What then becomes really interesting is the sound universe you create for these songs to exist in. And that’s where it becomes a lot of fun. It’s trying to create this incredibly big, cinematic sound that’s completely in service to the song, but at the same time has got all these layers in it.
To the Bone, the song you mentioned, is a great example of that, and so is Refuge — very simple on paper, but it’s all about the way it builds and the dynamics, the layering, stripping down, and stripping back again. And I love that. it’s pure production, in a way — taking a song that’s very simple on paper and painting it with sound, colors, and layers.

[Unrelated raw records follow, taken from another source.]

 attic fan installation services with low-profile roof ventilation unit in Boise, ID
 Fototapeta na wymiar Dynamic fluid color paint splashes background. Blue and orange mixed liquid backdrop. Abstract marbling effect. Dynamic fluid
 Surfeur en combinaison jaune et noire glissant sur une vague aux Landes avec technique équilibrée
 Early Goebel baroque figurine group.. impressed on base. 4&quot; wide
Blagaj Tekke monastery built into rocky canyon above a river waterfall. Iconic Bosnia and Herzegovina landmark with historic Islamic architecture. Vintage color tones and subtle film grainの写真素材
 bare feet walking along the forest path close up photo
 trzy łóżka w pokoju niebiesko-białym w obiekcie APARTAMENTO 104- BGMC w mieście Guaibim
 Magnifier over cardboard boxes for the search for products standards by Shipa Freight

I love that description. Andy Partridge of XTC is credited with writing the song To the Bone. How did you two collaborate on that one?
He wrote the lyrics based on me “la-la-la”ing the melody and bouncing words off him. It’s a song I knew had to be elliptical because it’s a song about truth.

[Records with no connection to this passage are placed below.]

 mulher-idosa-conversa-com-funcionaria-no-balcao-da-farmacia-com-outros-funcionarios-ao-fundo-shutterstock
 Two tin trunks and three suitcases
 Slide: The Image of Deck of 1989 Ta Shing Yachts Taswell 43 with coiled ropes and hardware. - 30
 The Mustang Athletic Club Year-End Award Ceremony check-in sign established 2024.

Or post-truth, at this point…
(laughs) Post-truth, yeah yeah — that idea of fake news, and twisting the truth to your agenda. I’ve never felt particularly comfortable writing about politics. It’s not really me, so it seemed like a really obvious one for Andy to have a crack at. He wrote the words based on my nonsense lyrics, as it were — which is not an easy thing to do.
If anybody’s going to be able to turn nonsense into character study, it’s Andy. Tell me more about the song’s spoken word intro that goes, “Once we’ve made sense of our world, we want to go and fuck up everybody else’s.” Who came up with that?
That’s actually a really good friend of mine who’s a black schoolteacher in Texas, Jasmine Walkes. Basically, what I said to her was, “I want you to talk about truth, and the idea of truth as perspective — and I want you to improvise it.” And she came back with something that was very impromptu and very natural, and not scripted — and it was perfect! It was the perfect line to start the record, and I couldn’t have written it any better if I had scripted it myself.
It’s the perfect lead-in to “2017 truthiness,” to borrow a word.
Exactly! It sounds completely ad-libbed and completely natural because it wasn’t scripted, and I love that about it.
The way the world’s news cycle is spinning on its own axis, these songs resonate in the moment we’re living in, right now. Do you feel that yourself, listening to these songs you’ve written only just a short while ago?
Ultimately, these emotions and these feelings have no relation to time, race, gender, politics, or religion. They are universal.
I do, but the world is changing so rapidly. Even in the 2½ years since I did Hand. Cannot. Erase. — which was an album also very much about modern life and what it’s like living in the 21st century — the world has completely changed. It’s a completely different landscape.
And while I feel there’s certainly a sense of continuity with some of the things I’m writing about, there’s also something different about songs written in 2016 and 2017 than if I’d written them ten years ago — or even five years ago. Although the themes are very universal and, in many ways, timeless, there’s also something very specifically now about these lyrics.
And that’s a hard line to walk — to be able to make something seem both of the moment and not of the moment.
I think it’s very hard to second guess the way the future is going to go. Sometimes you have to be of the mind to be reflective of the times you live in, and you can’t really predict if those topics are going to become universal.
The one thing I do believe is, if you make the songs about the human aspects of things, you’ve got a much better chance of having the music transcend the times. If you make them very political and very topical, it’s going to date very quickly. If you make them, like my songs are, about characters that are living through these things, you’ve got a better chance of still resonating with people in 10, 20, 50, or even 100 years’ time.
Ultimately, these emotions and these feelings have no relation to time, race, gender, politics, or religion. They are universal.